Court of Session Inner House Second Division.

[Dean of Guild Court at Paisley.

Wednesday, October 20. 1909.

47 SLR 11

Stevenson

v.

Lee.

Subject_1Burgh
Subject_2Dean of Guild
Subject_3Street
Subject_4Building Regulations — “Cul de sac” — Paisley Police and Public Health Act 1901 (1 Edw.VII, c.cciv), sec. 20.
Facts:

A proposed street of 60 feet in width from the bottom of which there would be egress by a lane 20 feet wide to another street, does not terminate in a cul de sac.

Headnote:

The Paisley Police and Public Health Act 1901 (1 Edw. VII, c. cciv), sec. 20; enacts—“In every case where an application is made to the Dean of Guild Court for authority to form and lay out any new street, the Court shall have power, if in the circumstances of the case they think it proper and expedient to do so, to impose all or any of the following conditions, viz.—(1) That the street shall not terminate in a cul de sac… .”

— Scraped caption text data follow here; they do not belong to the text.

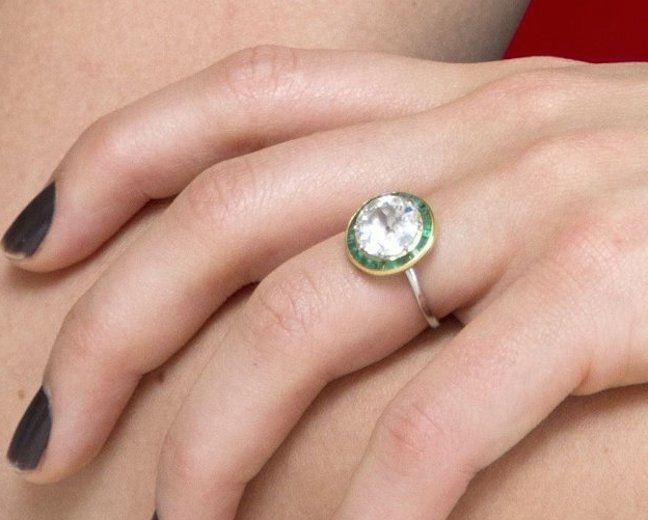 Olivia Wilde’s Emerald and Diamond Engagement Ring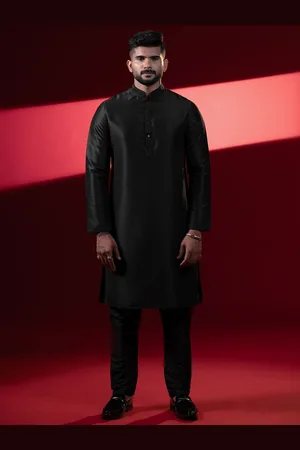 TheEthnic.Co Mandarin Collar Regular Straight Kurta with Trousers & Jacket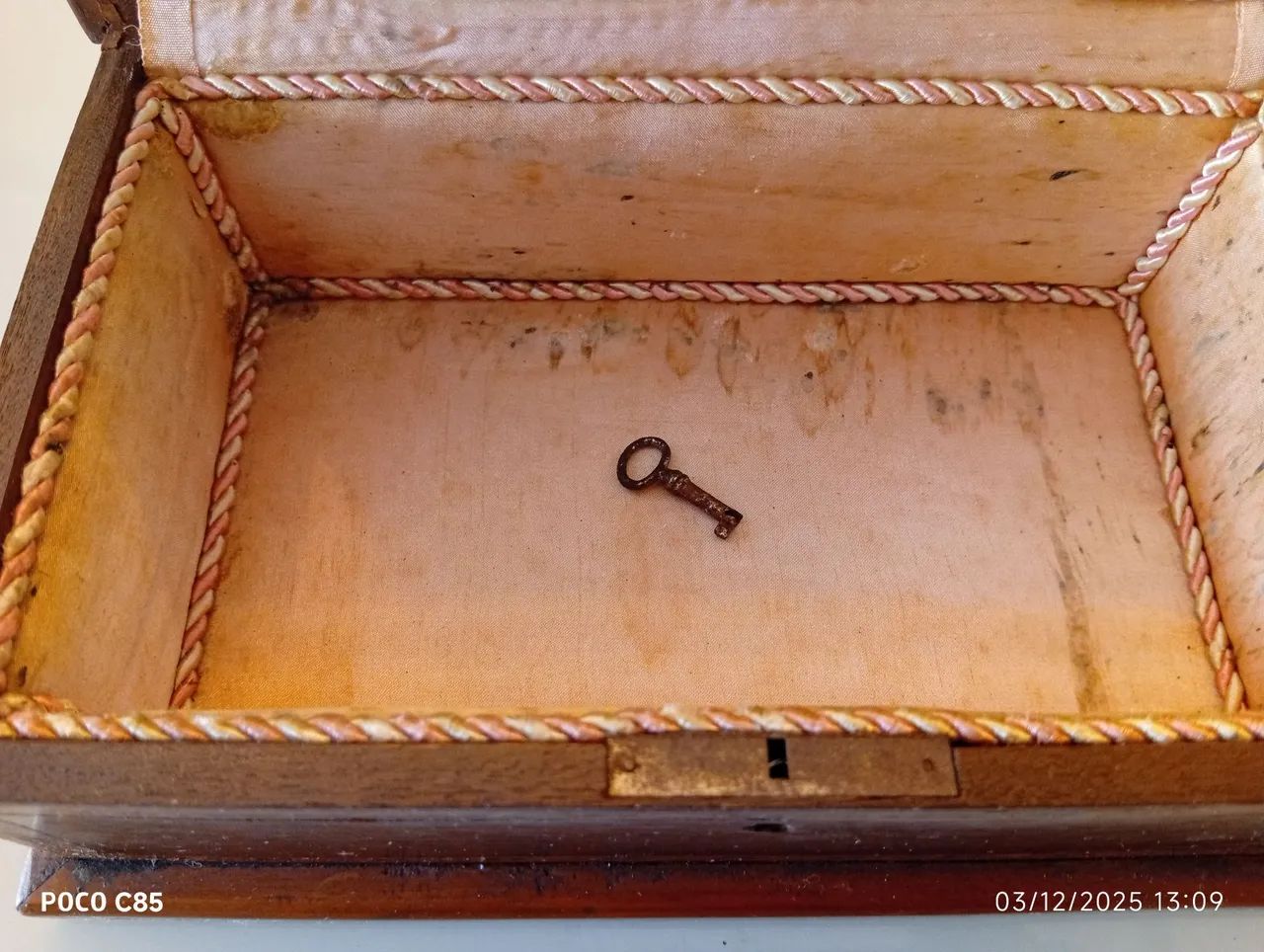 Antiga Caixa em marchetaria  - Foto 4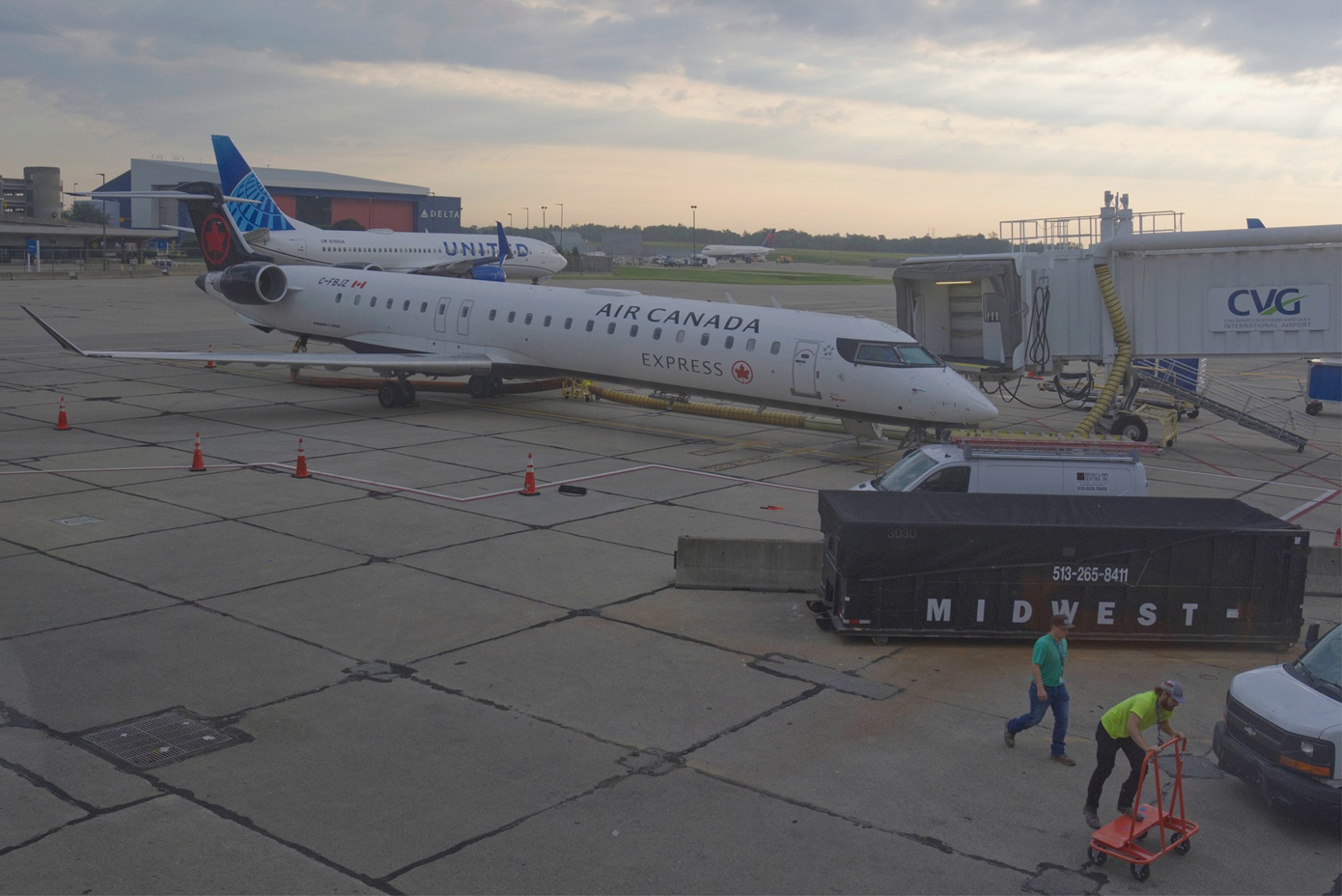 Αντίποινα Τραμπ στον Καναδά: Οι ΗΠΑ ανακαλούν την πιστοποίηση των αεροσκαφών Bombardie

On 29th January 1909 Thomas Stevenson, builder, Paisley, presented a petition to the Dean of Guild, Paisley, for warrant to form (1) a street 60 feet wide running from Clark Street through his ground to a point about 59 yards from an existing street known as Greenhill Road, and (2) a lane 20 feet wide connecting the proposed street with Greenhill Road.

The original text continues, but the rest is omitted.